Rajeev
Rajeev

Reputation: 1061

AWS lambda Python-Split files into smaller files runs in indefinite loop

I am trying to split a file into multiple smaller files and the logic works fine for single file without lamdba but once i add the code to trigger from lambda the script runs in loop without getting completed and writes the file incorrectly.

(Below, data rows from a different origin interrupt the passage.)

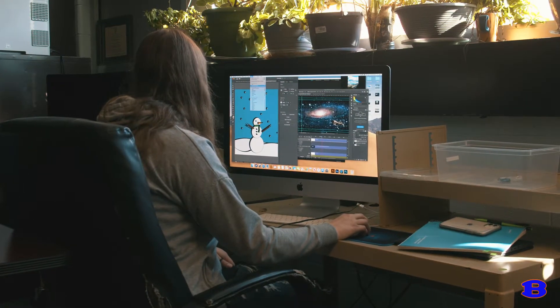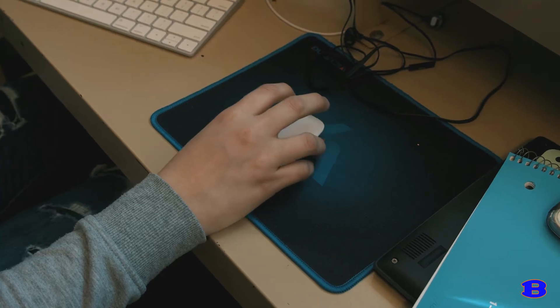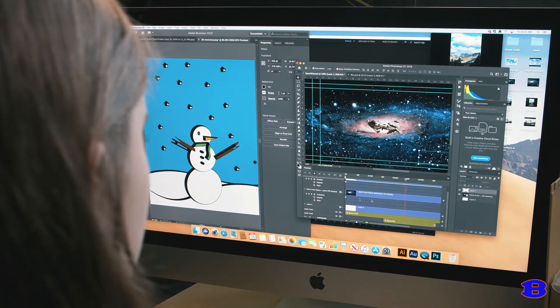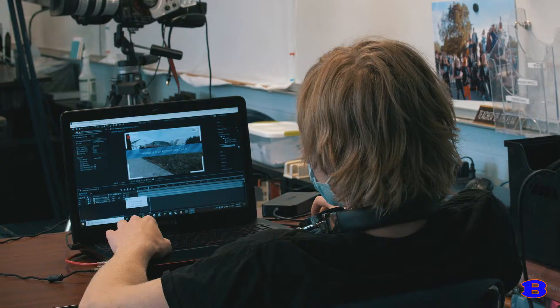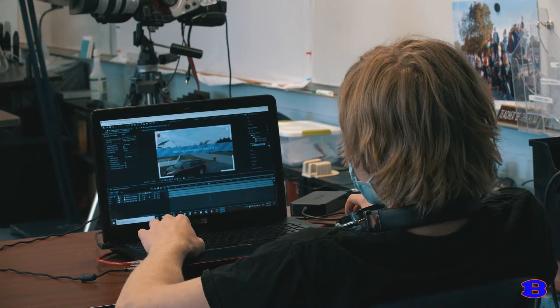Students are immersed in the Adobe Suite in order to produce products that are designed to create, inspire, and evoke both intellectual and emotional reactions.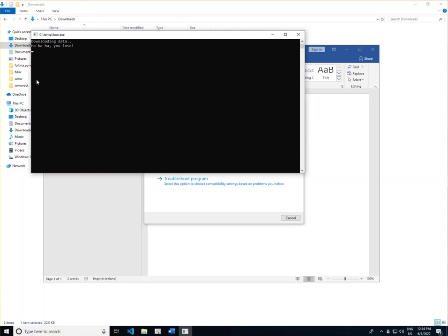Here at ThreatLocker, we recommend that all customers ensure that they have machines secured as quickly as possible. From initial internal testing, locking down your machines will stop unknown applications from running.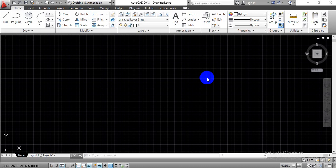Hello everyone, this is Manjunath Rawal. In this video, we are going to learn the graphical user interface of AutoCAD 2013. So let's get started.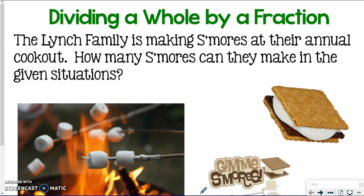Congratulations! You are starting level two with the two F notes, which is all about modeling fraction division. We're going to be drawing models to represent some fraction division in this part.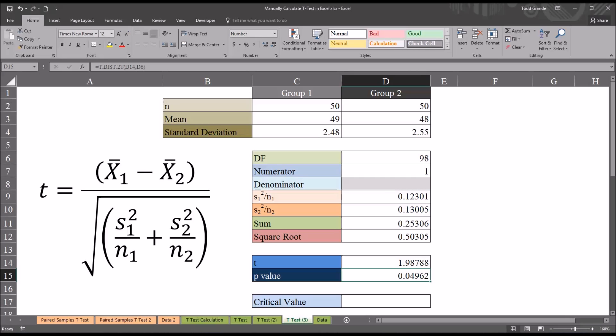If we're using an alpha of 0.05, we would reject the null hypothesis in this case and say there is a difference between these groups. Because we've calculated the p-value, we don't need to calculate the critical value, but I'll show you how to do this anyway because it helps to understand how the t-statistic works.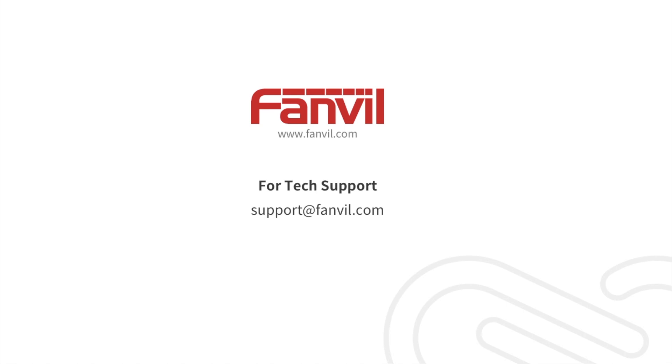For tech support, please contact support at fanvil.com.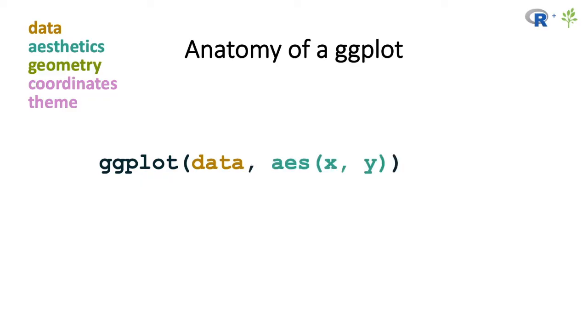And note that I'm trying to maintain the same color scheme here between these different elements and the actual code and syntax here that I'm showing. The next element of the ggplot function is the aesthetics, and these are the general aesthetics that apply to the whole plot. So for example, the most common aesthetics you're going to be adding in using the aes function are the x and the y values.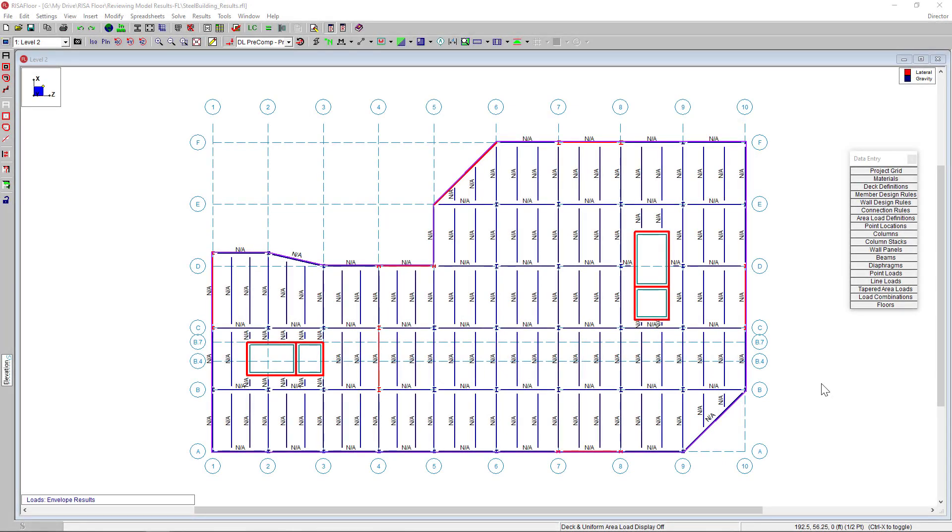RISO Floor utilizes intuitive floor-by-floor model input to design and optimize building systems constructed of composite and non-composite steel, concrete, masonry, wood, and cold-formed steel. In this video, we'll go over how to review our design results in RISO Floor. So let's go ahead and get started.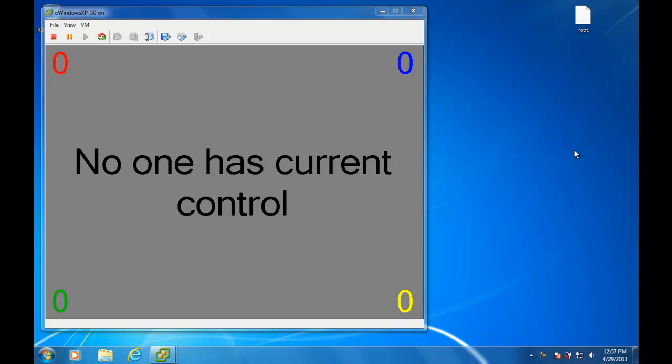Ok, so what I'd like to do is just demo the Capture the Flag scoreboard and how it works. Basically the concept is there's a compromised server and there's four groups of people that are attacking the server. Each group will have their own encrypted token that they have to drop within a certain folder on that server.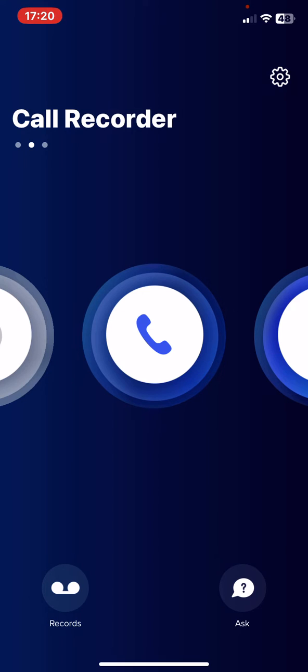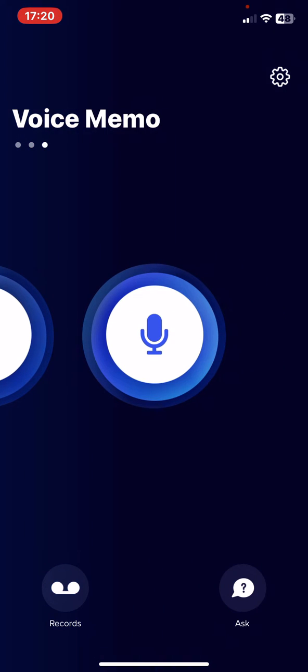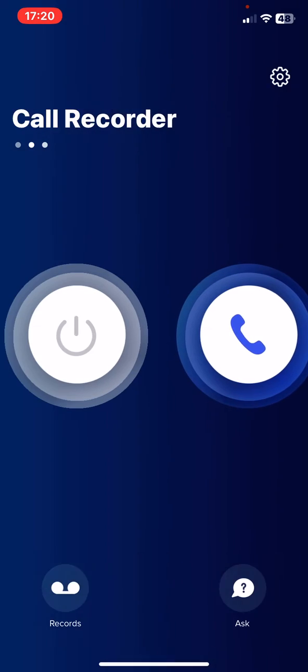In this application you can record outgoing and incoming calls. Here is the main page where you can start recording calls.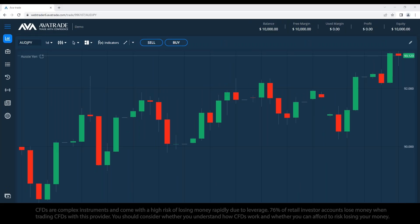Good afternoon and welcome everyone to the ultimate trading webinar for beginners. My name is Daniel and I'll be giving the webinar today. Before we begin, I'd like to go through a quick sound and visibility check. If you can see the screen and hear me, please comment in the question section. Okay, the sound's great — thank you Charlie. Let's begin.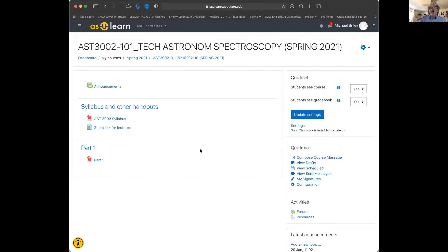All right, so I am gonna get cooking. Let me just start off with the screen sharing. Hey, welcome to Astronomy 3002, Techniques in Astronomical Spectroscopy.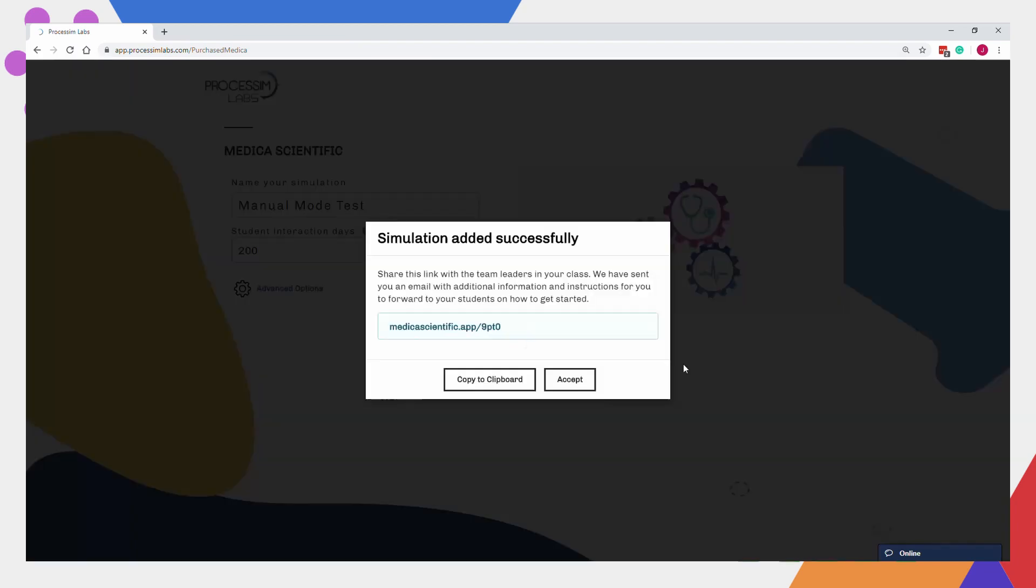With this, your simulation has been successfully created. Students are now able to join the simulation with this link here and access our mobile application afterwards.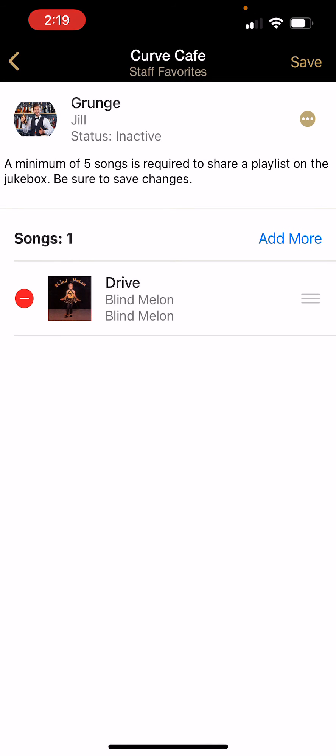Continue doing this until your playlist is complete. Once completed, press the save button in the top right corner.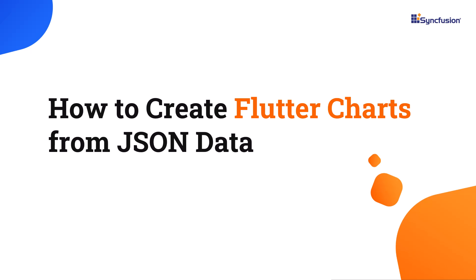Welcome to the Flutter Charts tutorial. In this video I will show you how to create a Flutter chart from JSON data in the Syncfusion Flutter chart widget.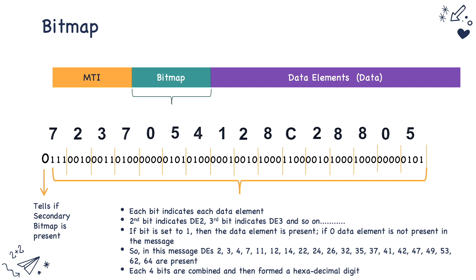Each of these particular four bits are combined in a hexadecimal format and then packed in a hexadecimal digit sequence that signifies the bitmap. So in this case, if you see 0, 1, 1, 1, 1 signifies the digit 7 and 0, 0, 1, 0 indicates 2 and so on. If you see, the bitmap is formed as 7, 2, 3, 7, 0, 5, 4, 1, 2, etc. based on the hexadecimal number of this particular bitmap.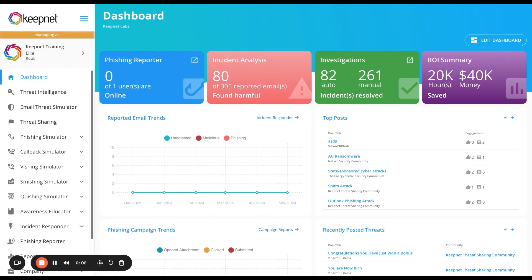Welcome to KeepNet. Our free phishing simulation test is designed for cyber security professionals to assess and improve your organization's resilience against phishing attacks.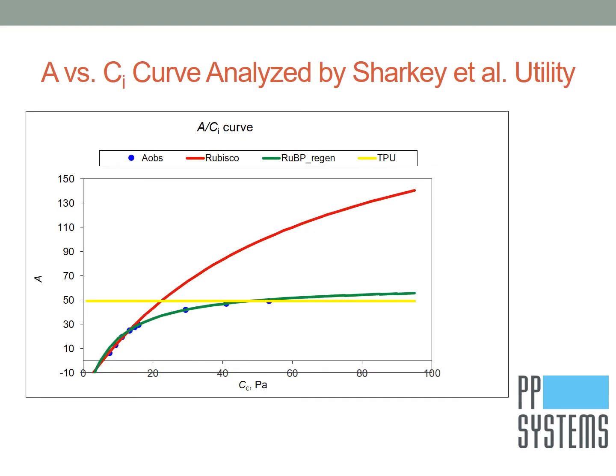There are a number of publicly available utilities for processing A/Ci curves. This slide is an excellent example of an A/Ci curve produced using a publicly available Excel utility provided by Sharkey, which separates the curve into three regions with different physiological limitations.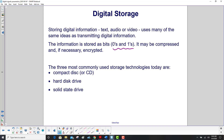The three most commonly used storage techniques today are compact disk, which will probably soon be obsolete, hard disk drive, also on the way out at some point, and then solid-state drives.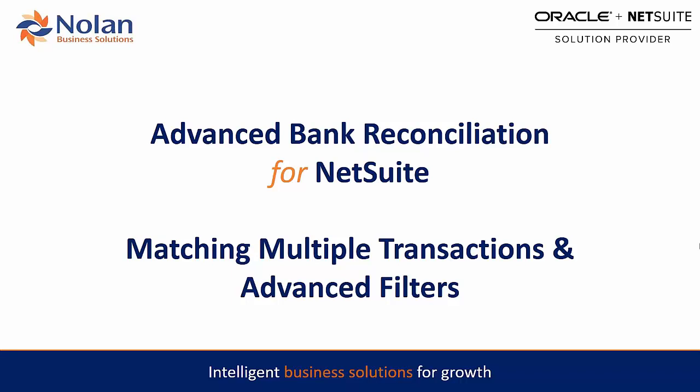Hi and welcome to this product feature demonstration on Nolan's Advanced Bank Reconciliation for NetSuite. Today we're going to be going over matching multiple transactions both one-to-one and one-to-many, and we're also going to be having a look at taking advantage of the advanced filters offered by the side-by-side reconciliation window in Nolan ABR.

Based on my debugging so far the outer for loop tries to execute several times even though there is only one file that initiated the trigger

Logic Flow:

File lands in /bigfile/ and the lamdba triggers and tries to split the file based on the logic and places the small file in /splitfiles/

File Content:

ABC|filename1.DAT|123

CDE|filename2.DAT|8910

XYZ|filename3.DAT|456

FGH|filename4.DAT|4545

O/p

File1:

ABC|filename1.DAT|123

CDE|filename2.DAT|8910

File2:

XYZ|filename3.DAT|456

FGH|filename4.DAT|4545

Code:

import boto3
import os
s3client = boto3.client('s3')
s3 = boto3.resource('s3')
def lambda_handler(event, context):
    try:
        for record in event['Records']:
            bucket = record['s3']['bucket']['name']
            key = record['s3']['object']['key']
            print(key)
            obj = s3.Object(bucket, key)
            linesplit = obj.get()['Body'].read().split('\n')
            lines_per_file=2  #number of lines per file 
            created_files = 0 
            sfilelines=''
            for rownum,line in enumerate(linesplit,start=1):
                sfilelines = sfilelines + '\n' + line
                if rownum%lines_per_file == 0:
                 cnt = lines_per_file * (created_files + 1)
                 body_contents = str(sfilelines)
                 file_name = "%s_%s.DAT" % ('Testfile', cnt)
                 target_file = "splitfiles/" + file_name
                 print(target_file)
                 s3client.put_object(ACL='public-read', ServerSideEncryption='AES256', Bucket=bucket, Key=target_file,
                            Body=body_contents)
                 sfilelines = ''  # Reset variables
                 created_files += 1  # One more small file has been created
            if rownum:  # to get the pending lines that is not written
               cnt = lines_per_file * (created_files + 1)
               body_contents = str(sfilelines)
               file_name = "%s_%s.DAT" % ('Testfile', cnt)
               target_file = "splitfiles/" + file_name
               print(target_file)
               s3client.put_object(ACL='public-read', ServerSideEncryption='AES256', Bucket=bucket, Key=target_file,
                            Body=body_contents)
               created_files += 1
        print ('%s split files (with <= %s lines each) were created.' % (created_files,lines_per_file))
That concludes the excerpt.